やがて届く波紋
こんなにも誰かとずっと一緒に居ながら、
泣いて笑った日々は今までになかったと思う。
「友達以外の誰かが、そばに居ることはやっぱりいいよ」って親友に言われたときは実感なんてまだまだなかった。
あれから、まるで半年ほどあった空白の期間を埋めるかのように
何かから逃れるようなスピードで
冷えた指の先を暖め合うような感覚を持ち寄ってできるだけ一緒にいた。
だからなのか、こんな気持ちになるなんて思わなかった。
数年前に綴った言葉がまた巡ってきている。
かつては同じ屋根の下で暮らしていたけれど、
今じゃ会うのに新幹線で約3時間、高速バスで約9時間もかかってしまうよう距離に居る親友は、今でも同じように繰り返す。
「友達以外の誰かが、そばに居ることはやっぱりいいよ」と。
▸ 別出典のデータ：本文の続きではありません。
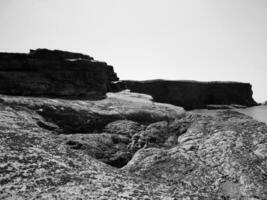 Cliffs and Atlantic ocean, clouds, rocks and laguna, beauty in nature. Vacation trip relaxation background photo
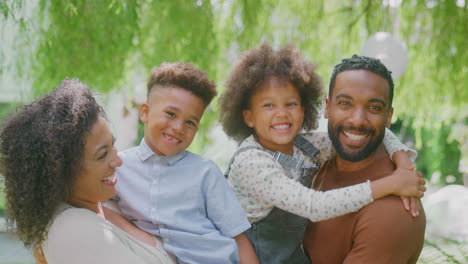 portrait of smiling family at home outdoors in garden together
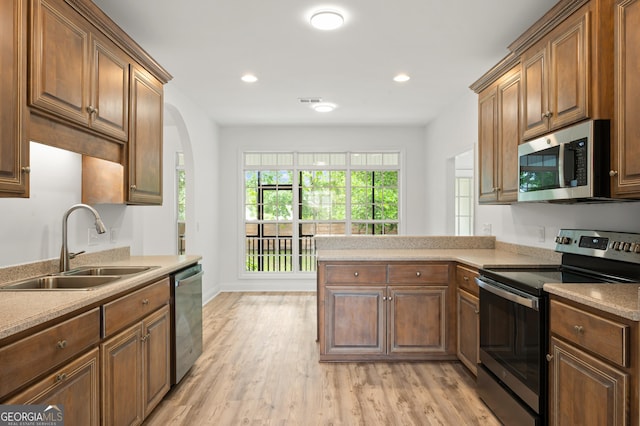 124 Cinder Hill Dr, Brunswick, GA 31523 - kitchen featuring appliances with stainless steel finishes, a sink, light wood-type flooring, a peninsula, and light countertops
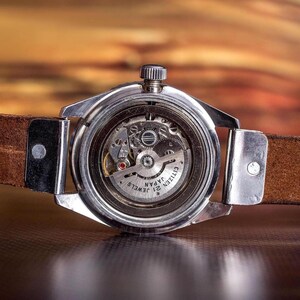 Puede incluir: Primer plano de un reloj Citizen vintage, que muestra los intrincados mecanismos internos a trav&eacute;s de una parte trasera transparente. El reloj tiene una caja plateada y una correa de cuero marr&oacute;n. La esfera dice "Citizen Japan 21 Jewels".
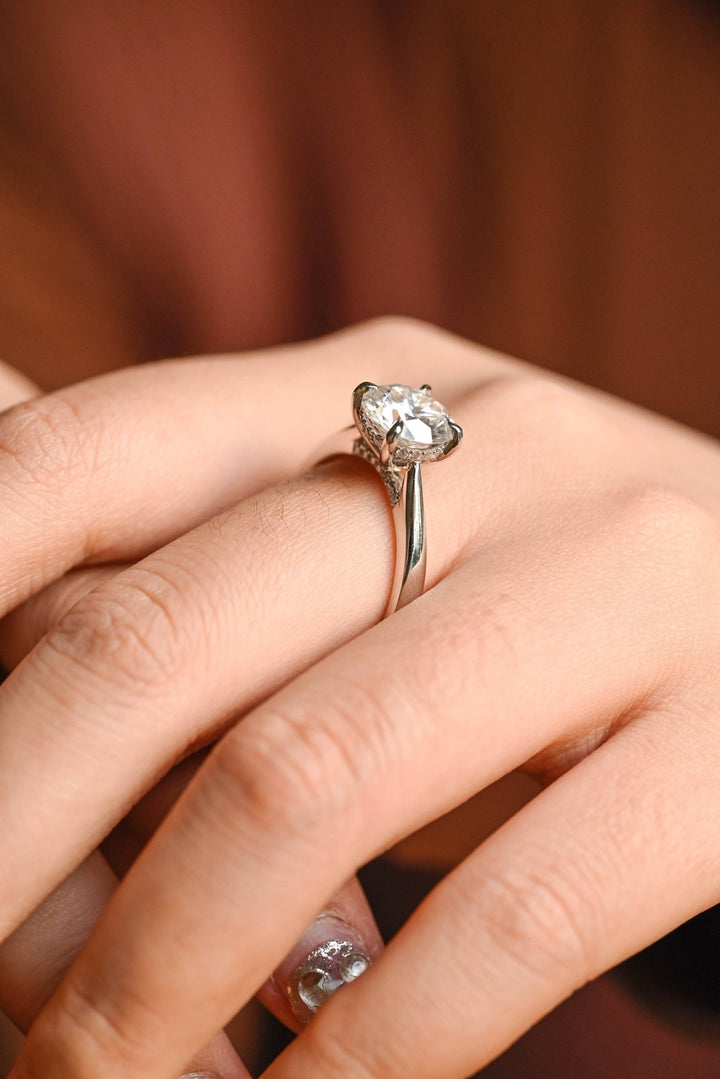 Round hidden halo engagement ring with IGI certificate and packaging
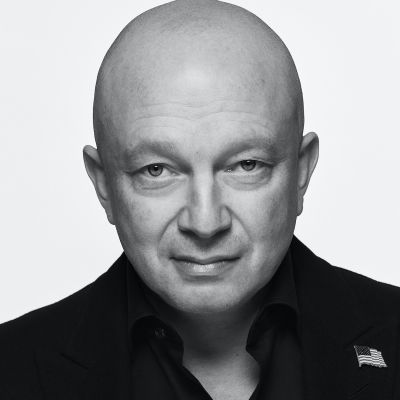 A male-presenting person wearing a dark shirt against a light background with a grayscale filter applied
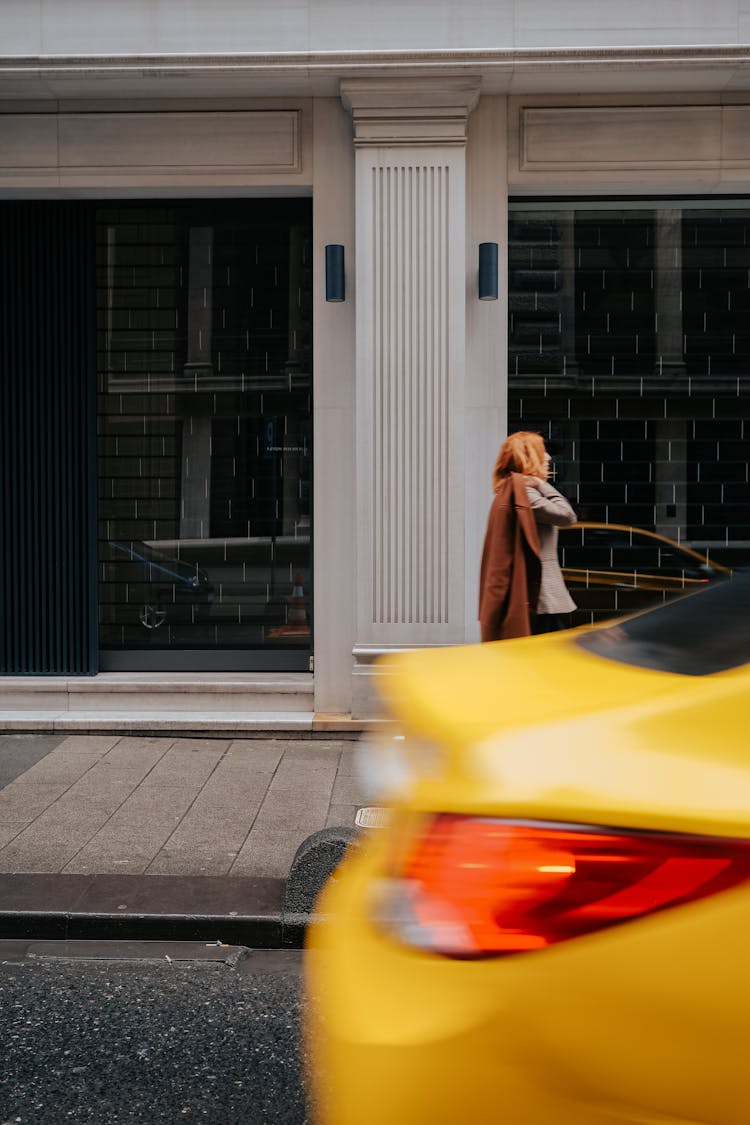 Woman Walking City Street With Yellow Taxi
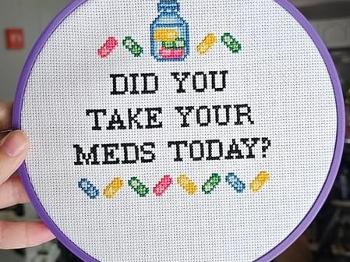 Cross stitch sign to take your meds.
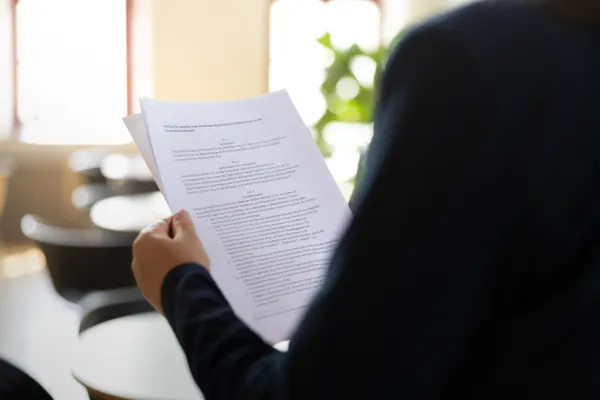 Person hält ausgedruckte Dokumente mit wissenschaftlichem Text.
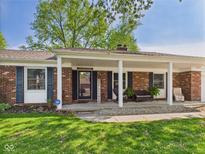 Charming brick home with a welcoming covered front porch and comfortable seating area at 1813 Kingsley Dr, Anderson, IN 46011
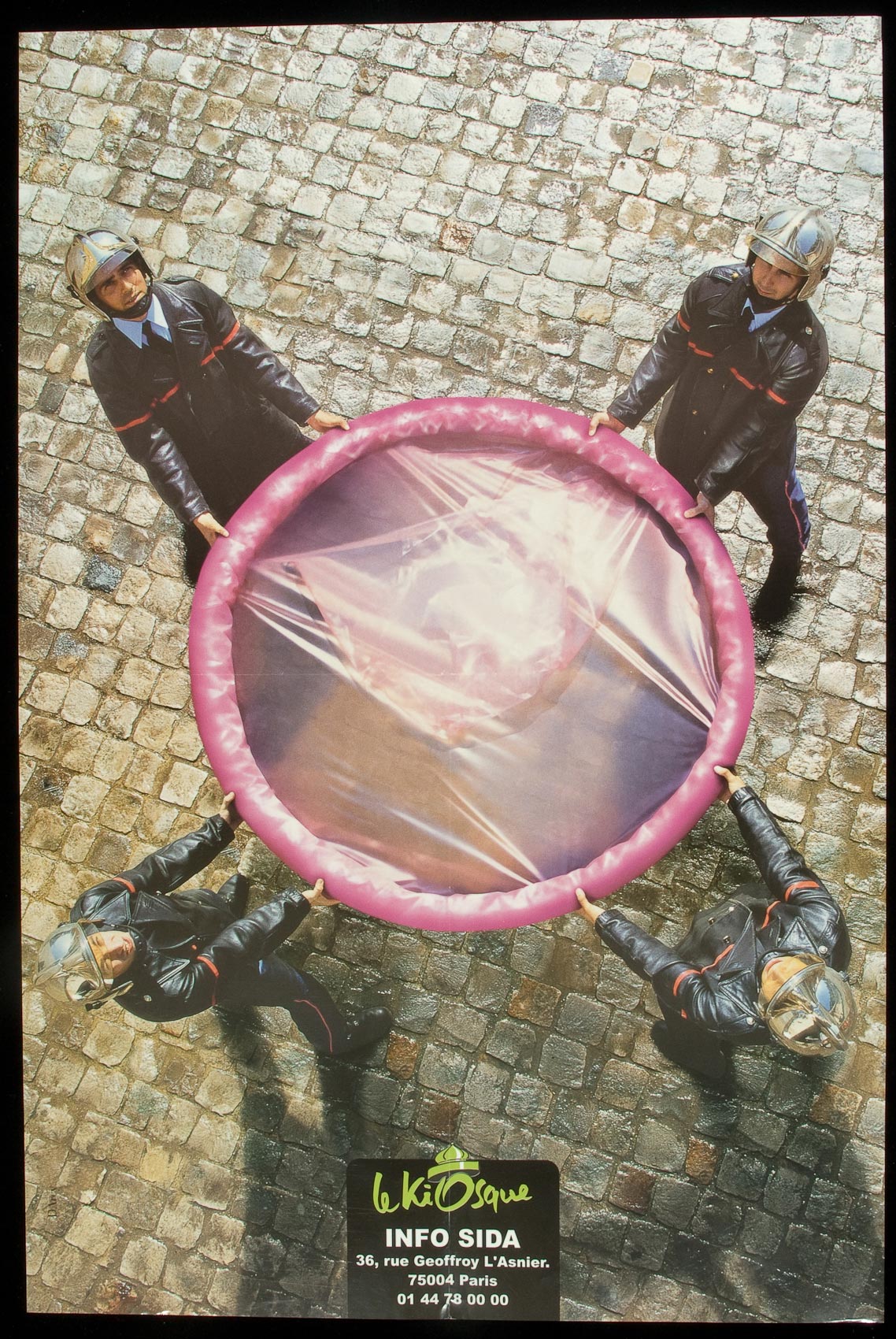 Four fireman seen from above hold an oversized pink condom still rolled up in a circle, as if it's a safety net ready for someone to jump into.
そして「わたしの知らない、どんな人であっても、とにかくあなたの近くに誰かがいることは安心だ」とも。
誰かと生きるということは、容赦なく「今を、自分自身を生きている」と自覚させられてしまうことなのかもしれない。
故・樹木希林さんが内田裕也さん(この日記の時はまだご存命だった)のことを
「ああいう御しがたい存在は自分を映す鏡になる」
と言っていたという記事を思い出す。
恋愛の副作用とは否が応でも自分自身に向き合わさせられてしまうことなのかもしれない。
わたしはまだ生きる意味など露程も知らないけれど、そういう結果の集合体が人生の醍醐味というものなのかもしれないな、とも思った。
絶え間なく流れ込む命の水に、あなたが吹かせる風がいつもわたしを揺らがせる。風が吹くから、揺れるのは当然なんだよ。